=== Section Start ===
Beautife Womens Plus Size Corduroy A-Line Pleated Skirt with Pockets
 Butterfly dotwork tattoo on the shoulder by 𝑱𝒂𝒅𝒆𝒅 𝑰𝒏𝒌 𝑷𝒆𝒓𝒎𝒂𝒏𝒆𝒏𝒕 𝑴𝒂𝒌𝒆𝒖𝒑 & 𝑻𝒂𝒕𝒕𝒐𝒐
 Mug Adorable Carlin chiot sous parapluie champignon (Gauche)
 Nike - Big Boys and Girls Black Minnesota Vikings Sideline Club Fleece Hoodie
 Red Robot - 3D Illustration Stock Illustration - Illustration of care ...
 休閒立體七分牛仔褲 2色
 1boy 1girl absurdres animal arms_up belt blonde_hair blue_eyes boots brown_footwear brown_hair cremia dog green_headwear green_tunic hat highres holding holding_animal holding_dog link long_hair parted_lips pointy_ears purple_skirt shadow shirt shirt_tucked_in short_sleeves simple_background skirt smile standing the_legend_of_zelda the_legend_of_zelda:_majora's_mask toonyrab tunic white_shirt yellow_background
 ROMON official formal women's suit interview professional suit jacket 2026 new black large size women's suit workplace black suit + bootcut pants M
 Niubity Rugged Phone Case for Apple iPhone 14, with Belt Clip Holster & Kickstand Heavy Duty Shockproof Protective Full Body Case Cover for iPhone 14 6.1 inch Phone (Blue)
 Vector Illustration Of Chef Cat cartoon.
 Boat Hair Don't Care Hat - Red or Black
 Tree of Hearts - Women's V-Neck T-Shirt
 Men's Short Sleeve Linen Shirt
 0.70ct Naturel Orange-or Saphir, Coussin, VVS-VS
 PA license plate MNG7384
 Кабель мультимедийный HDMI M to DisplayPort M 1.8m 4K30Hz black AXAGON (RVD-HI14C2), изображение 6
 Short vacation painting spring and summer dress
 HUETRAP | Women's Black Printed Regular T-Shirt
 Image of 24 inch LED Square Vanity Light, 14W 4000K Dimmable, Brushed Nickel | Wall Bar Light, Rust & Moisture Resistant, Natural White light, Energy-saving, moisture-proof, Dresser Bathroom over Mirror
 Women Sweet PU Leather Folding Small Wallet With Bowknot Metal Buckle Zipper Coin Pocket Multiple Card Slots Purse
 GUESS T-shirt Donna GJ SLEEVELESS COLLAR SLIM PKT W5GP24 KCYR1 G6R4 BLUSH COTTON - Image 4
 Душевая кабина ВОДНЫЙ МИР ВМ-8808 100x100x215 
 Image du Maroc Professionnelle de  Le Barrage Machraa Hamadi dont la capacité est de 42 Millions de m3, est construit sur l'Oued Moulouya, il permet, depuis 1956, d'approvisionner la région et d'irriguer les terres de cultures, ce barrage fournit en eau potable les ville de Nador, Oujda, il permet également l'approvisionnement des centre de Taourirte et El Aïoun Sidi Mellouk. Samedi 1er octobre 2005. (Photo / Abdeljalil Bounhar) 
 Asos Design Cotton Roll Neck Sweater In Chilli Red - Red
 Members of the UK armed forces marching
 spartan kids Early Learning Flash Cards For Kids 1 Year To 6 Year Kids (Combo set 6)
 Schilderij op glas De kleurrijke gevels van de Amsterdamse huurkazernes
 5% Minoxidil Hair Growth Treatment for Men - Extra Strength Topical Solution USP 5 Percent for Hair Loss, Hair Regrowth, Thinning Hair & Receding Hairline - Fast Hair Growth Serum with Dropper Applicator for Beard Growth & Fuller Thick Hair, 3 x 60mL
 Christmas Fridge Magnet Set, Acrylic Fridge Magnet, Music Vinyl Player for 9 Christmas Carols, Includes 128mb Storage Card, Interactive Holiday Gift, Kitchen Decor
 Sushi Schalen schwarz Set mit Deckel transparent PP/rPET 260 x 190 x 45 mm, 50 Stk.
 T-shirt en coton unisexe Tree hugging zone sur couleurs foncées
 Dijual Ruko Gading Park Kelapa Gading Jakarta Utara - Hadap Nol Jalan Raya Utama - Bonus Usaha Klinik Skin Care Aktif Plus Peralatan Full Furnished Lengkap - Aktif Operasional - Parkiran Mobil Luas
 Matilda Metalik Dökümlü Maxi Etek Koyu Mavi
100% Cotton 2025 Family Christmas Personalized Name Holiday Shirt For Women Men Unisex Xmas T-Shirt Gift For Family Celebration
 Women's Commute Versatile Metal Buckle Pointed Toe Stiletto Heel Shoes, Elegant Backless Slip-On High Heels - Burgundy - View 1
=== Section End ===
What to work on => Take the records above and write each one out again exactly.

Output of the exercise =>
Beautife Womens Plus Size Corduroy A-Line Pleated Skirt with Pockets
 Butterfly dotwork tattoo on the shoulder by 𝑱𝒂𝒅𝒆𝒅 𝑰𝒏𝒌 𝑷𝒆𝒓𝒎𝒂𝒏𝒆𝒏𝒕 𝑴𝒂𝒌𝒆𝒖𝒑 & 𝑻𝒂𝒕𝒕𝒐𝒐
 Mug Adorable Carlin chiot sous parapluie champignon (Gauche)
 Nike - Big Boys and Girls Black Minnesota Vikings Sideline Club Fleece Hoodie
 Red Robot - 3D Illustration Stock Illustration - Illustration of care ...
 休閒立體七分牛仔褲 2色
 1boy 1girl absurdres animal arms_up belt blonde_hair blue_eyes boots brown_footwear brown_hair cremia dog green_headwear green_tunic hat highres holding holding_animal holding_dog link long_hair parted_lips pointy_ears purple_skirt shadow shirt shirt_tucked_in short_sleeves simple_background skirt smile standing the_legend_of_zelda the_legend_of_zelda:_majora's_mask toonyrab tunic white_shirt yellow_background
 ROMON official formal women's suit interview professional suit jacket 2026 new black large size women's suit workplace black suit + bootcut pants M
 Niubity Rugged Phone Case for Apple iPhone 14, with Belt Clip Holster & Kickstand Heavy Duty Shockproof Protective Full Body Case Cover for iPhone 14 6.1 inch Phone (Blue)
 Vector Illustration Of Chef Cat cartoon.
 Boat Hair Don't Care Hat - Red or Black
 Tree of Hearts - Women's V-Neck T-Shirt
 Men's Short Sleeve Linen Shirt
 0.70ct Naturel Orange-or Saphir, Coussin, VVS-VS
 PA license plate MNG7384
 Кабель мультимедийный HDMI M to DisplayPort M 1.8m 4K30Hz black AXAGON (RVD-HI14C2), изображение 6
 Short vacation painting spring and summer dress
 HUETRAP | Women's Black Printed Regular T-Shirt
 Image of 24 inch LED Square Vanity Light, 14W 4000K Dimmable, Brushed Nickel | Wall Bar Light, Rust & Moisture Resistant, Natural White light, Energy-saving, moisture-proof, Dresser Bathroom over Mirror
 Women Sweet PU Leather Folding Small Wallet With Bowknot Metal Buckle Zipper Coin Pocket Multiple Card Slots Purse
 GUESS T-shirt Donna GJ SLEEVELESS COLLAR SLIM PKT W5GP24 KCYR1 G6R4 BLUSH COTTON - Image 4
 Душевая кабина ВОДНЫЙ МИР ВМ-8808 100x100x215 
 Image du Maroc Professionnelle de  Le Barrage Machraa Hamadi dont la capacité est de 42 Millions de m3, est construit sur l'Oued Moulouya, il permet, depuis 1956, d'approvisionner la région et d'irriguer les terres de cultures, ce barrage fournit en eau potable les ville de Nador, Oujda, il permet également l'approvisionnement des centre de Taourirte et El Aïoun Sidi Mellouk. Samedi 1er octobre 2005. (Photo / Abdeljalil Bounhar) 
 Asos Design Cotton Roll Neck Sweater In Chilli Red - Red
 Members of the UK armed forces marching
 spartan kids Early Learning Flash Cards For Kids 1 Year To 6 Year Kids (Combo set 6)
 Schilderij op glas De kleurrijke gevels van de Amsterdamse huurkazernes
 5% Minoxidil Hair Growth Treatment for Men - Extra Strength Topical Solution USP 5 Percent for Hair Loss, Hair Regrowth, Thinning Hair & Receding Hairline - Fast Hair Growth Serum with Dropper Applicator for Beard Growth & Fuller Thick Hair, 3 x 60mL
 Christmas Fridge Magnet Set, Acrylic Fridge Magnet, Music Vinyl Player for 9 Christmas Carols, Includes 128mb Storage Card, Interactive Holiday Gift, Kitchen Decor
 Sushi Schalen schwarz Set mit Deckel transparent PP/rPET 260 x 190 x 45 mm, 50 Stk.
 T-shirt en coton unisexe Tree hugging zone sur couleurs foncées
 Dijual Ruko Gading Park Kelapa Gading Jakarta Utara - Hadap Nol Jalan Raya Utama - Bonus Usaha Klinik Skin Care Aktif Plus Peralatan Full Furnished Lengkap - Aktif Operasional - Parkiran Mobil Luas
 Matilda Metalik Dökümlü Maxi Etek Koyu Mavi
100% Cotton 2025 Family Christmas Personalized Name Holiday Shirt For Women Men Unisex Xmas T-Shirt Gift For Family Celebration
 Women's Commute Versatile Metal Buckle Pointed Toe Stiletto Heel Shoes, Elegant Backless Slip-On High Heels - Burgundy - View 1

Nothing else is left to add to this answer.